> [Records supplied]:
★ ★ ★
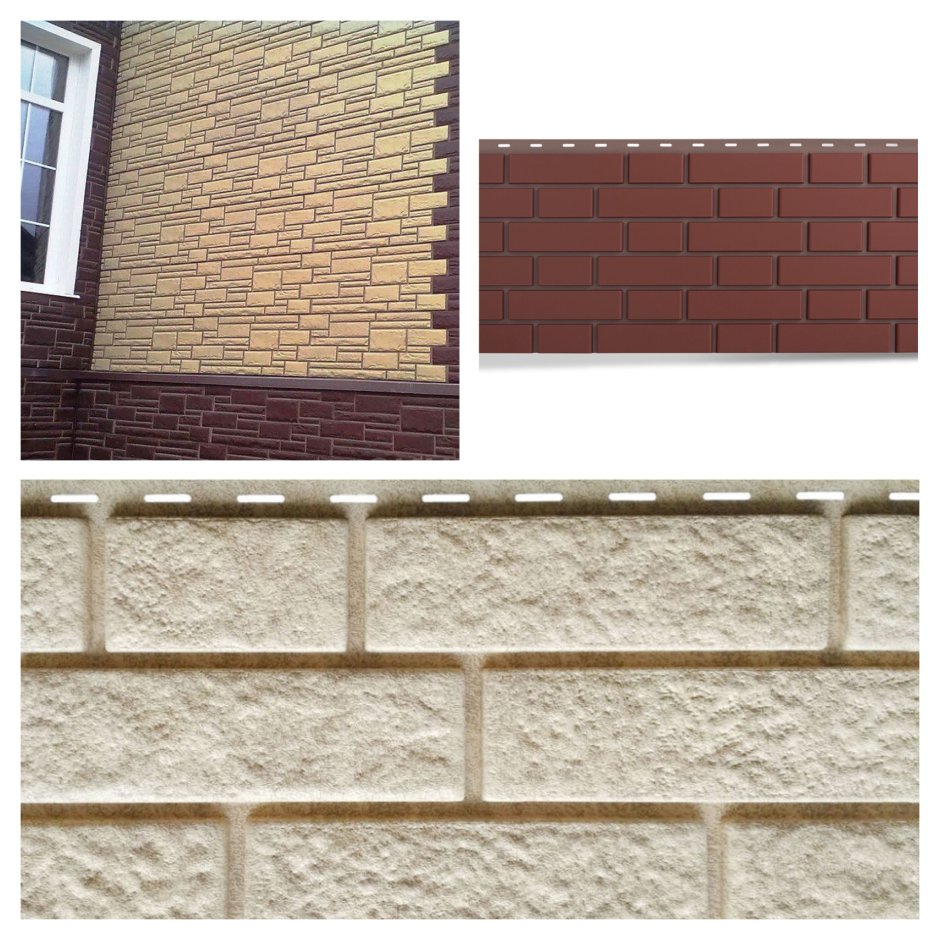 Сайдинг Стоун Хаус кирпич красный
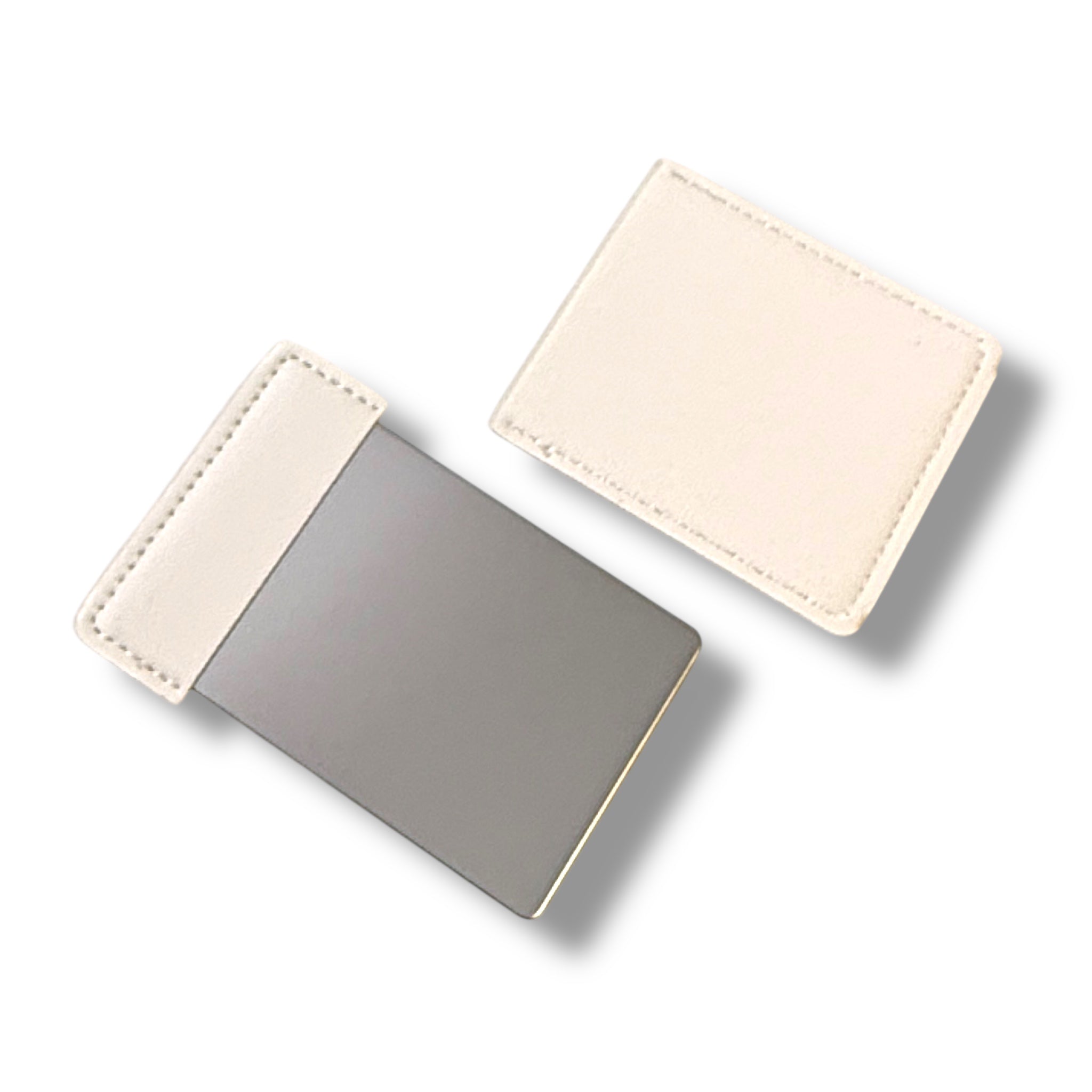 Mini Spiegel To-Go mit Hülle – Perfekt für unterwegs in rosa/beige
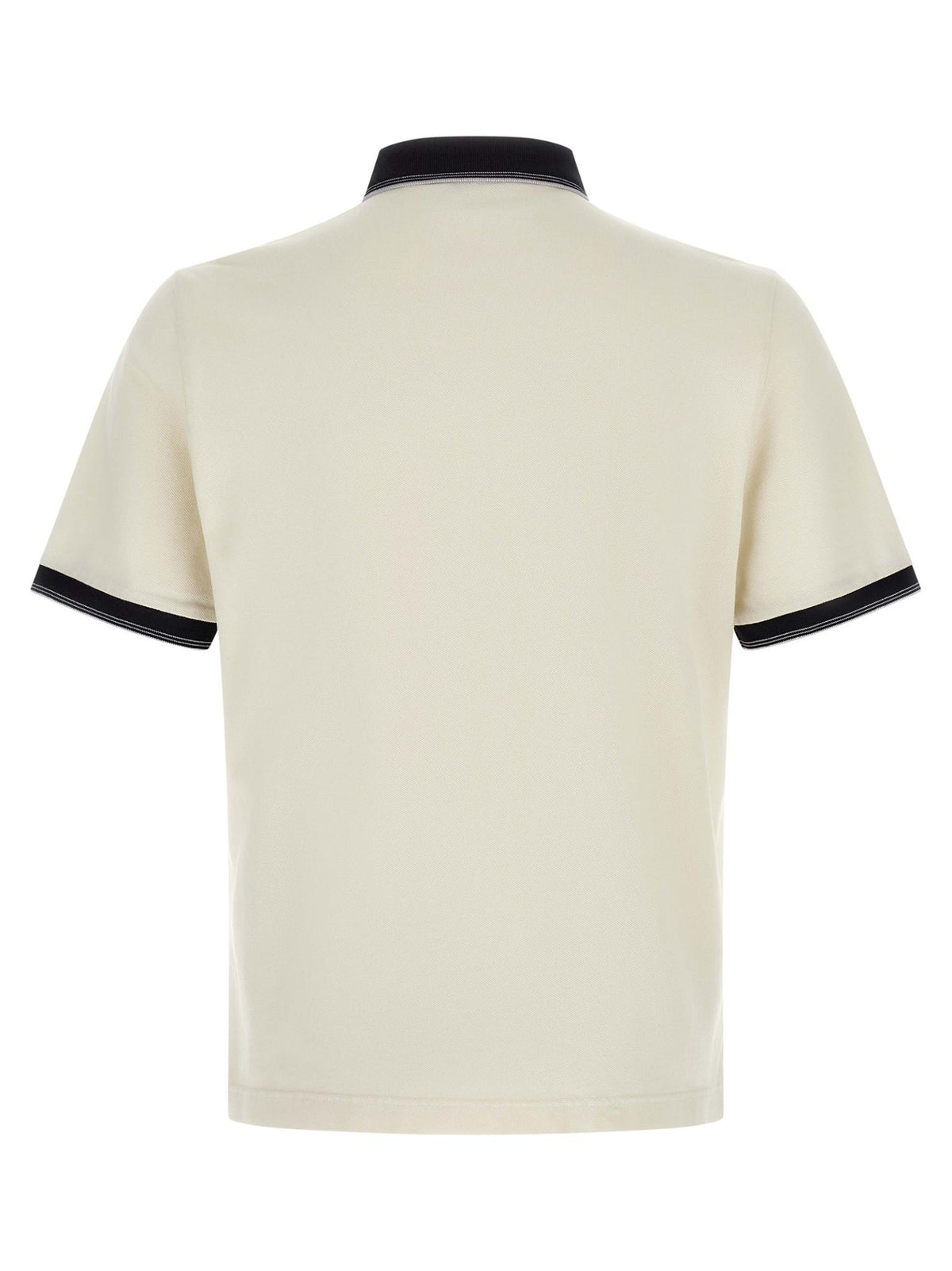 PRADA Short Sleeve Polo Shirt Navy Cotton Men's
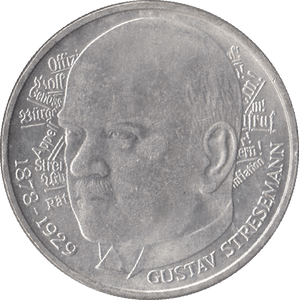 1978 GUSTAV STRESEMAN GERMANY SILVER 5 MARKS - SILVER WORLD COINS - Cambridgeshire Coins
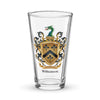 Williamson Family Crest beer glass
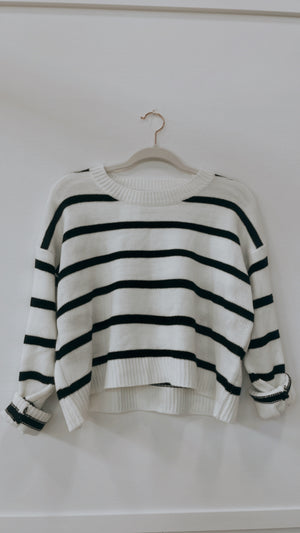 BW Striped Sweater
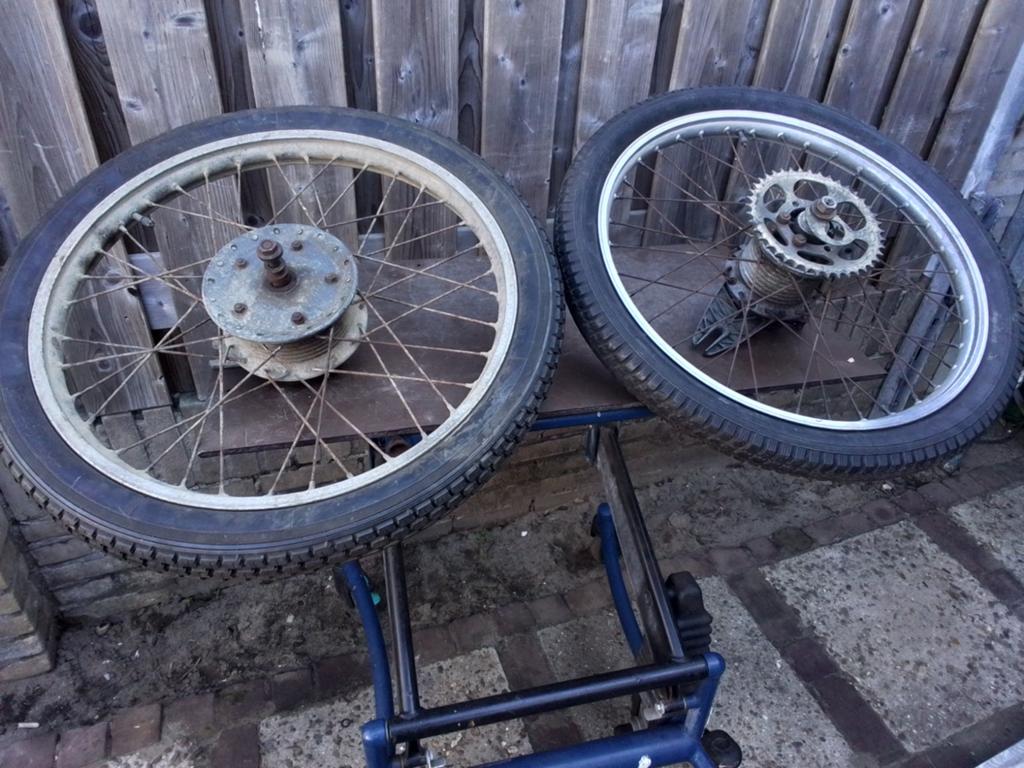 Zündapp wielen 19 inch met banden en remmen, Ophalen of Verzenden, Gebruikt, Overige typen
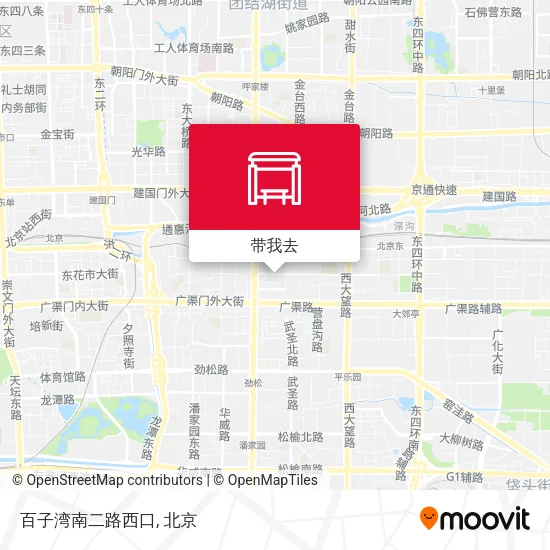 百子湾南二路西口地图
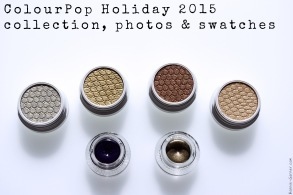 ColourPop Holiday 2015 collection, photos & swatches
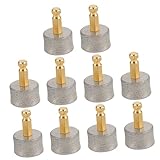 ERINGOGO 10個 ペット用電動爪研磨ヘッド ホワイトコランダム製 耐久性属軸採用 犬猫兼用 交換用研削ホイール 簡単装着 長寿命仕様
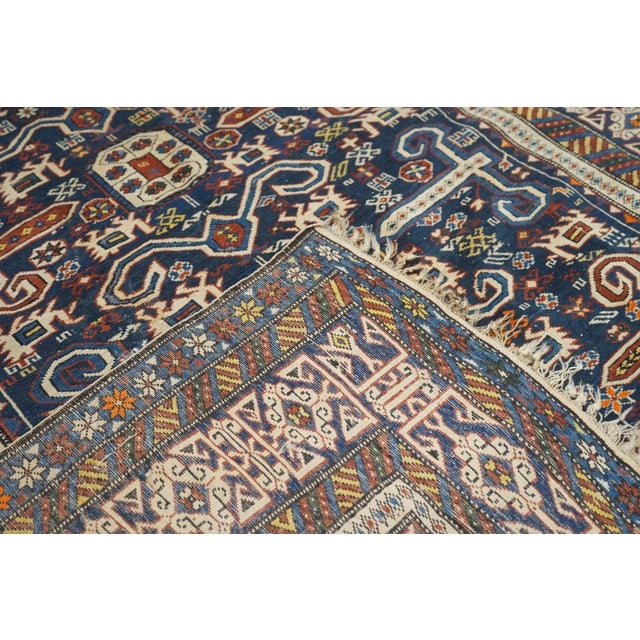 Cream Late 18th Century Antique Perpedil Rug 4'2'' x 5'2'' For Sale - Image 8 of 9
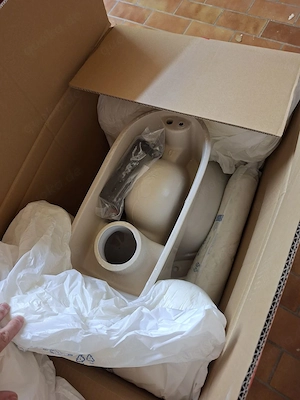 Tiefspülklosett Toilettenschüssel Villeroy & Boch O.novo mit Spülrand weiß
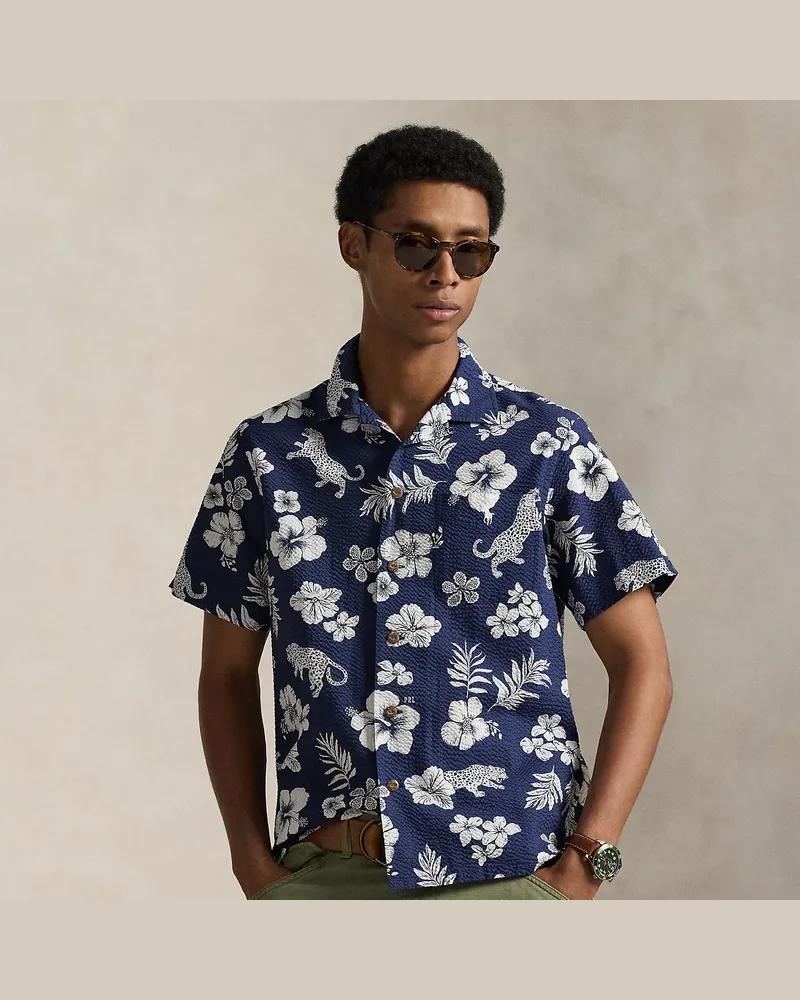 Ralph Lauren Classic-Fit Freizeit-Kurzarmhemd Blue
★ ★ ★
> [Work order]:
Could you return all the entries exactly as they appear, minus the pictures?

> [Answer to this task]:
 Сайдинг Стоун Хаус кирпич красный
 Mini Spiegel To-Go mit Hülle – Perfekt für unterwegs in rosa/beige
 PRADA Short Sleeve Polo Shirt Navy Cotton Men's
 1978 GUSTAV STRESEMAN GERMANY SILVER 5 MARKS - SILVER WORLD COINS - Cambridgeshire Coins
 Williamson Family Crest beer glass
 BW Striped Sweater
 Zündapp wielen 19 inch met banden en remmen, Ophalen of Verzenden, Gebruikt, Overige typen
 百子湾南二路西口地图
 ColourPop Holiday 2015 collection, photos & swatches
 ERINGOGO 10個 ペット用電動爪研磨ヘッド ホワイトコランダム製 耐久性属軸採用 犬猫兼用 交換用研削ホイール 簡単装着 長寿命仕様
 Cream Late 18th Century Antique Perpedil Rug 4'2'' x 5'2'' For Sale - Image 8 of 9
 Tiefspülklosett Toilettenschüssel Villeroy & Boch O.novo mit Spülrand weiß
 Ralph Lauren Classic-Fit Freizeit-Kurzarmhemd Blue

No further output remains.